I’ve personally always found running a game of D&D to be similar to scripting a comic book. You come up with a story, and then hand it over—either to your artist or to your players—and they then turn it on its head and make it into something you’d never have imagined when you started. As either a writer or a DM, you can either be frustrated by that, or you can embrace it for all of its quirky wondrousness. By contrast, I’ve always found writing prose to be a comparatively lonely and difficult process, which is a big part of why this particular story exists as a set of short stories, most of which were targeted at my kids. They were—and are—an integral part of my process, both because they’re usually my target audience and because they interjected so much energy into the story itself because of the crazy ideas that they brought to the performance of their characters.
One final word, on content:
Most of these stories are new, and as I just finished telling you, I wrote most of them for my kids.
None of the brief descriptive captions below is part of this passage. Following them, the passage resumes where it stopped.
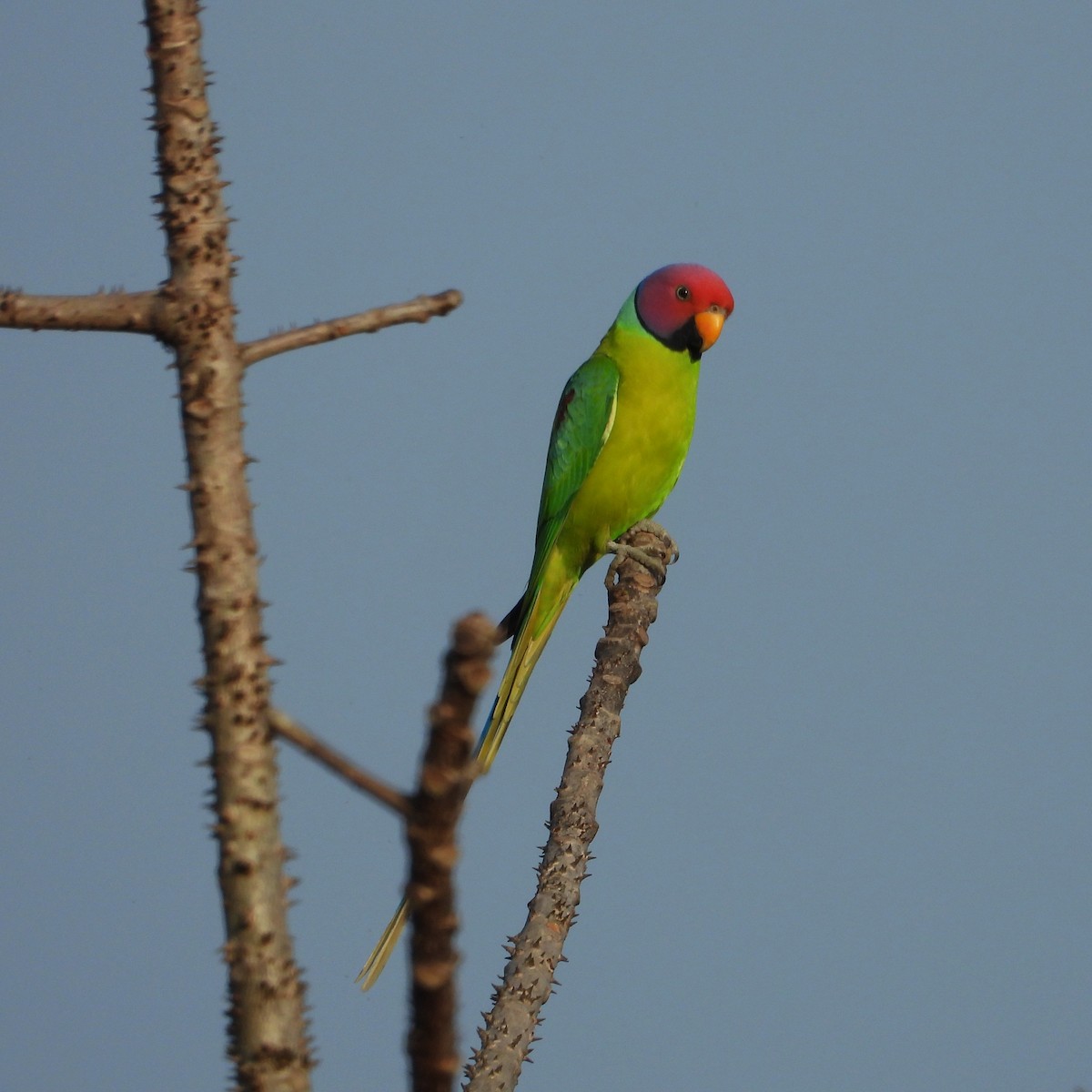 Erik Başlı Yeşil Papağan - ML647758675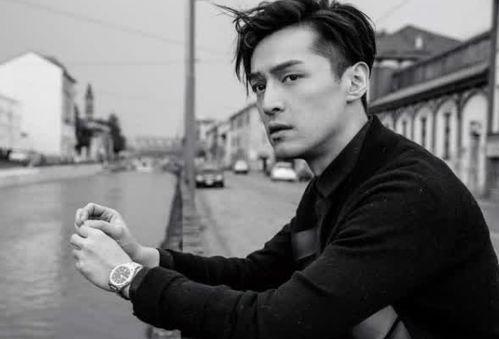 胡歌自己吃瓜,揭秘娱乐圈幕后趣闻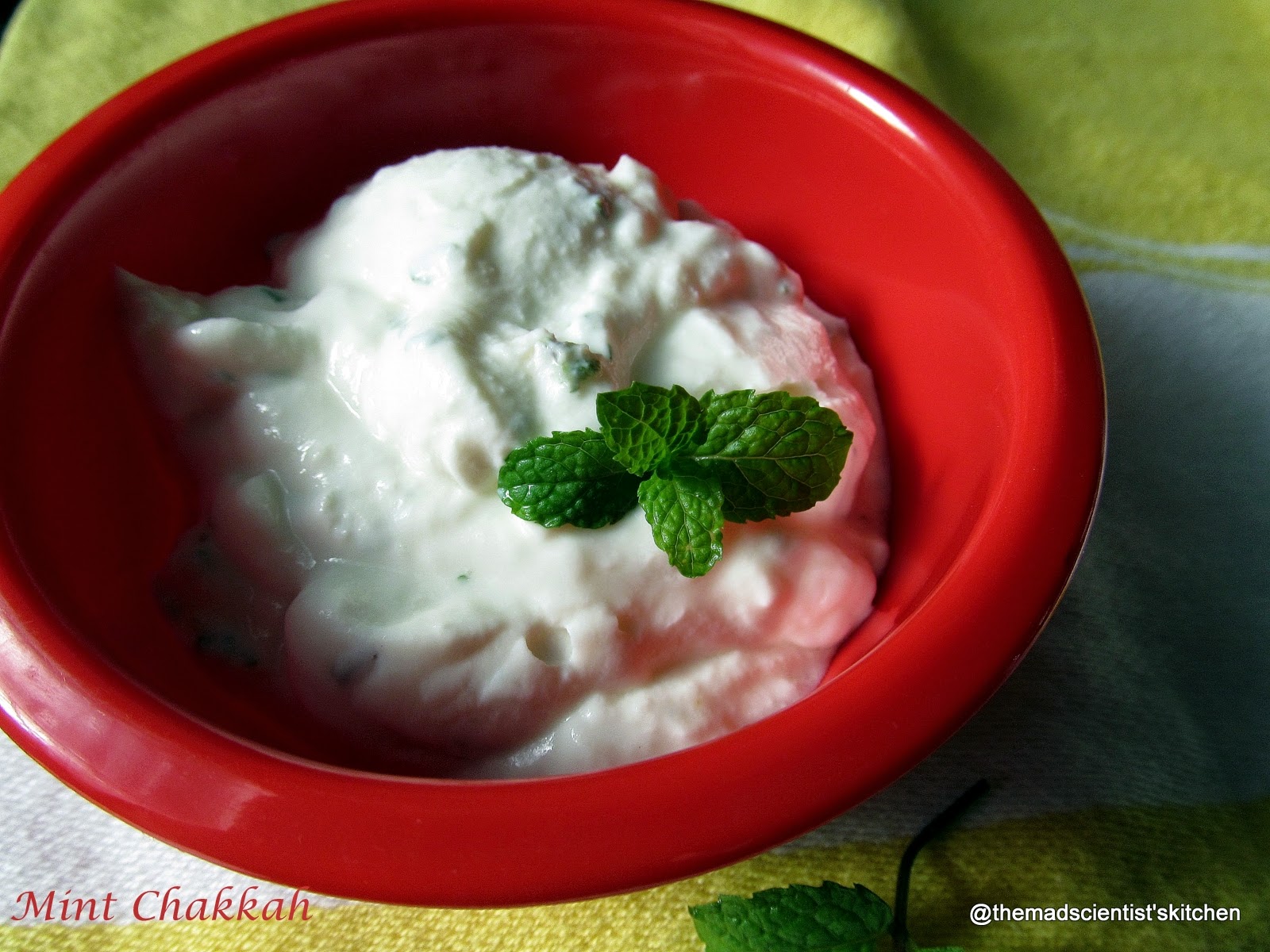 mint chakkah~ a creamy curd and mint dip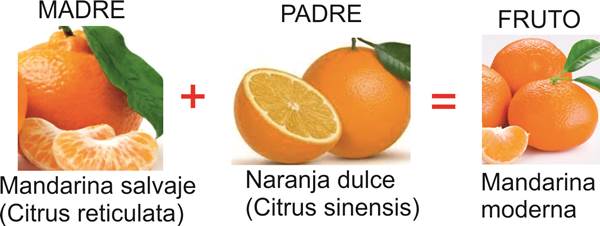 Blog Naturaleza educativa citricos_mandarina_moderna1 EL NARANJO, EL "ÁRBOL DE LAS MANZANAS DE ORO" 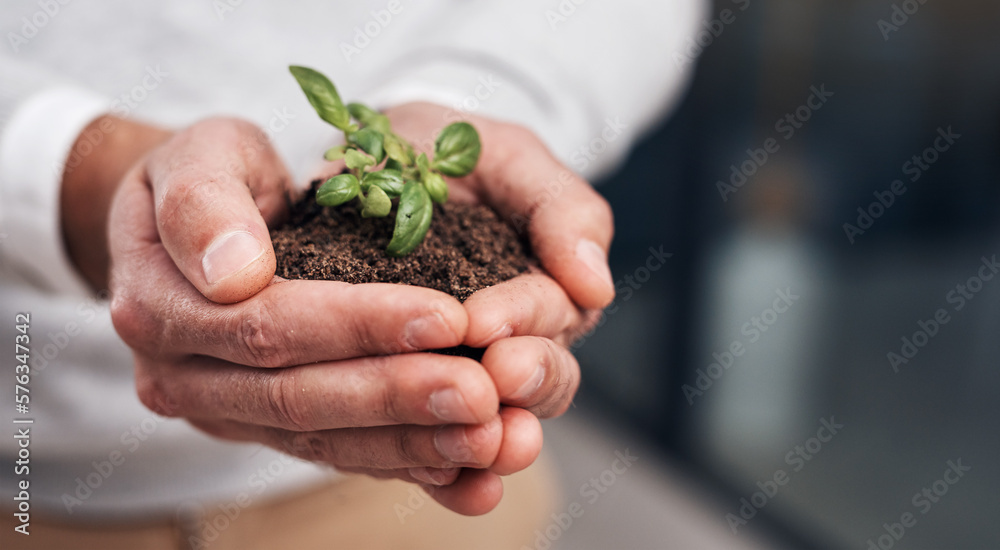 Small efforts lead to big success. Cropped shot of a businessman holding a plant growing out of soil. Small efforts lead to big success. Cropped shot of a businessman holding a plant growing out of soil.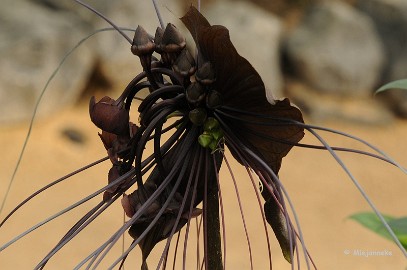DSC_6124 Orchideeen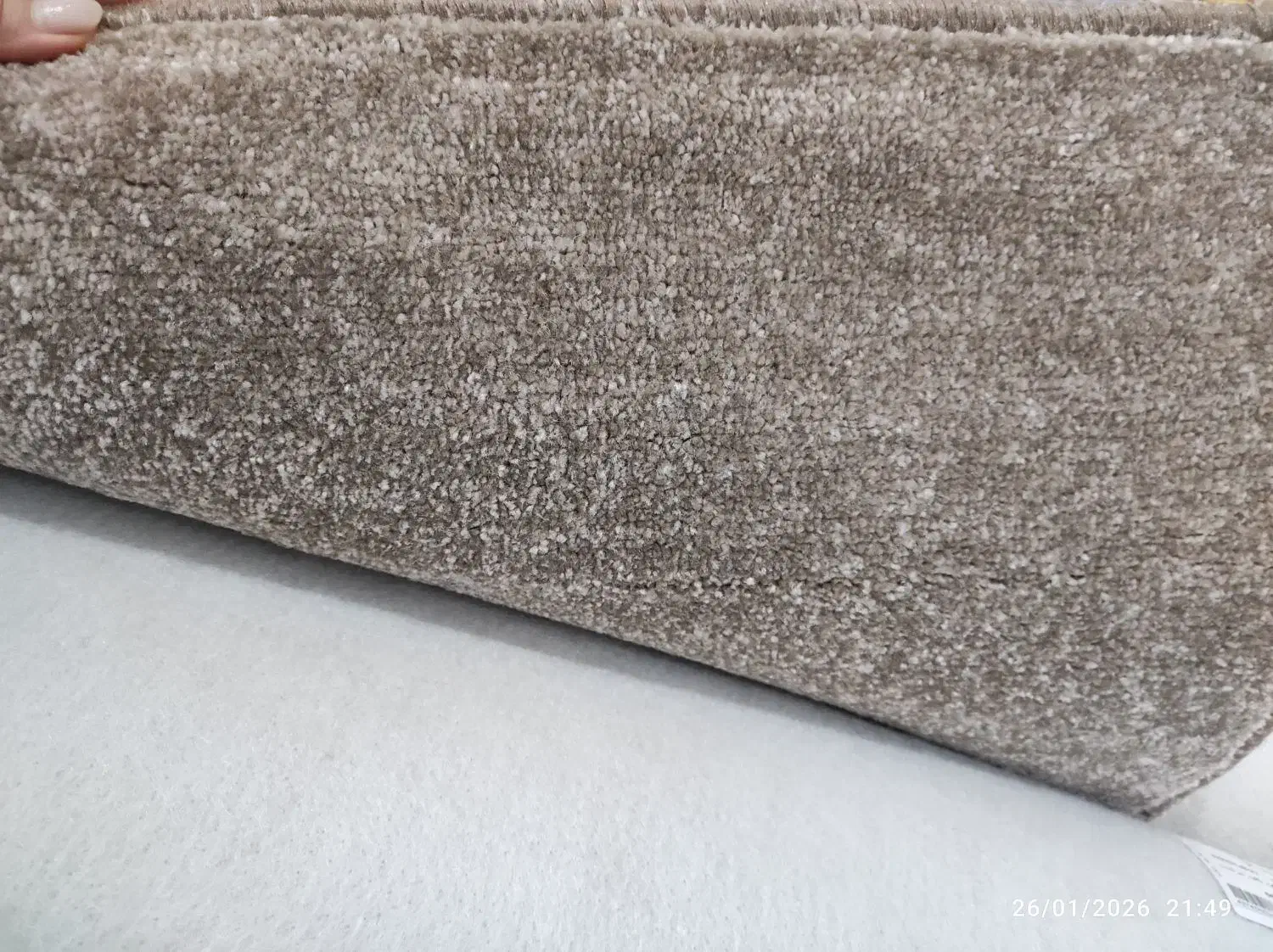 پالاز موکت نو|موکت|دزفول, |دیوار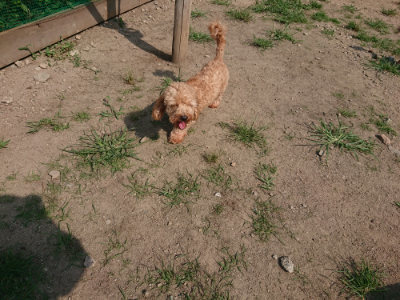 f:id:roukenhome-ann:20190804152629j:plain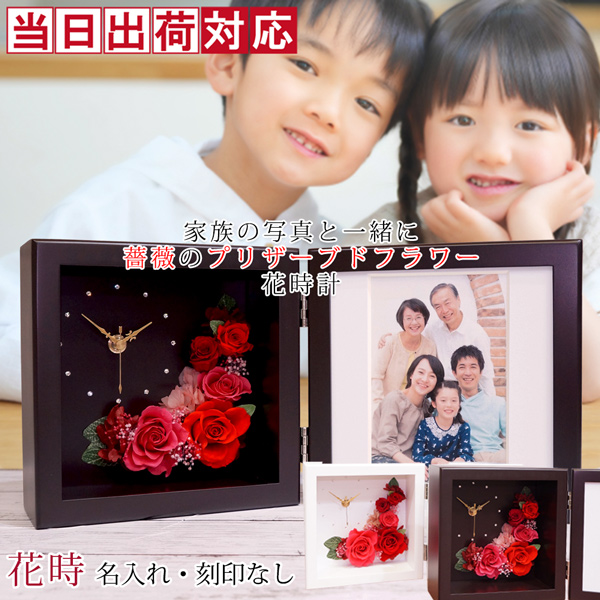 額5枚セット ニールセン NIELSEN 8x10インチ 額 楽天市場】ニールセン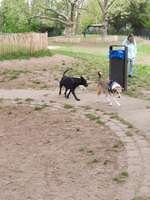 Hundeauslaufgebiet-Lichterfelde Barnackufer-Bild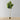 Plante artificielle en pot Adelia Fiddle Leaf 10' 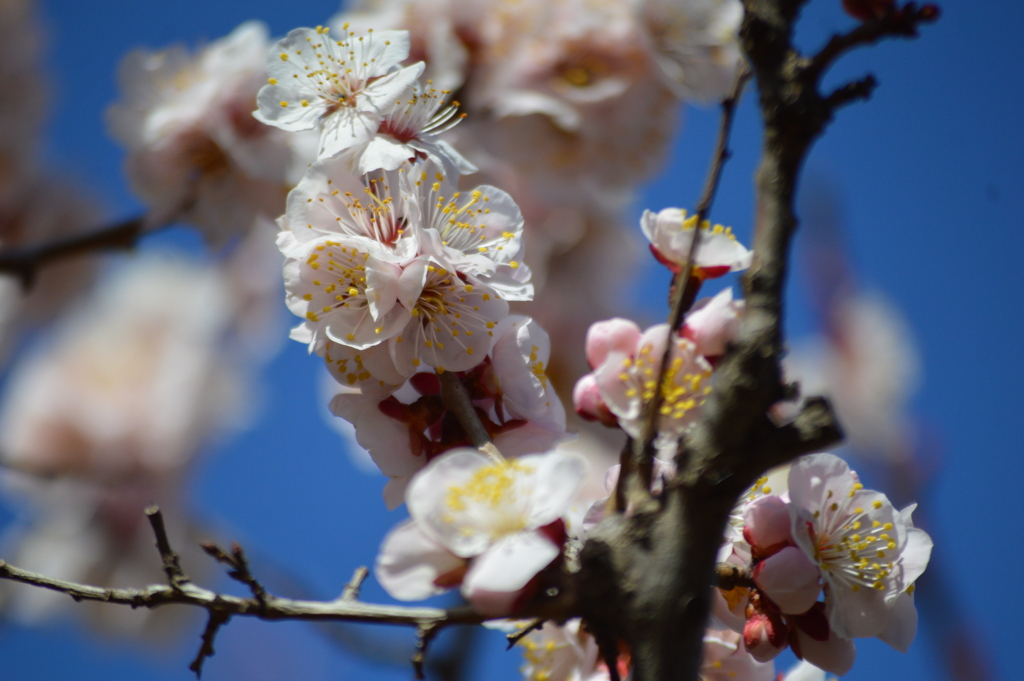 冬桜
A few, however, are from back when my friend Jerry Bonner and I used to run a (very) small press comic company called Proletariat Comics, LLC. Those older stories have a slightly different, slightly more adult tone. They’re grittier and there’s some content that’s not just appropriate for kids, especially in “The Tower of Al-Kafiri.”
The “Sneax and Elaina Emboo” stories are all rated PG. They make up the vast majority this book.
“The Legend of Tolandias” and “The Caravan” are both PG-13. They contain some sexual situations, particularly “The Caravan.” It’s nothing that you wouldn’t find in one of the Twilight novels, but still… After spending two pages talking about how I wrote most of this for my kids, a little warning is probably in order. These two stories could still be considered “Young Adult” if you ask me, i.e. not Harry Potter but also not inappropriate for teenagers in the modern world, but I’m a parent, too, and this is the kind of warning that I would want before I let my kids read this book.
“The Tower of Al-Kafiri” is a hard R. There’s tons of filthy stuff in there—sex, language, drinking, extortion, murder, you name it. If you let your kids read that, don’t blame it on me. I’m personally planning to put out a version of this book without “The Tower” (and with a very minor re-write to the “The Caravan”) specifically for the YA market, but that’s just because I want people to be able to share this thing with their kids the way that I have. That said, I like “The Tower of Al-Kafiri,” and I think that it does the best job of showing the city of Wanderhaven out of any of the stories here. I just know that I would never let my kids read it, which is why I’m telling you that you probably shouldn’t give it to your kids, either.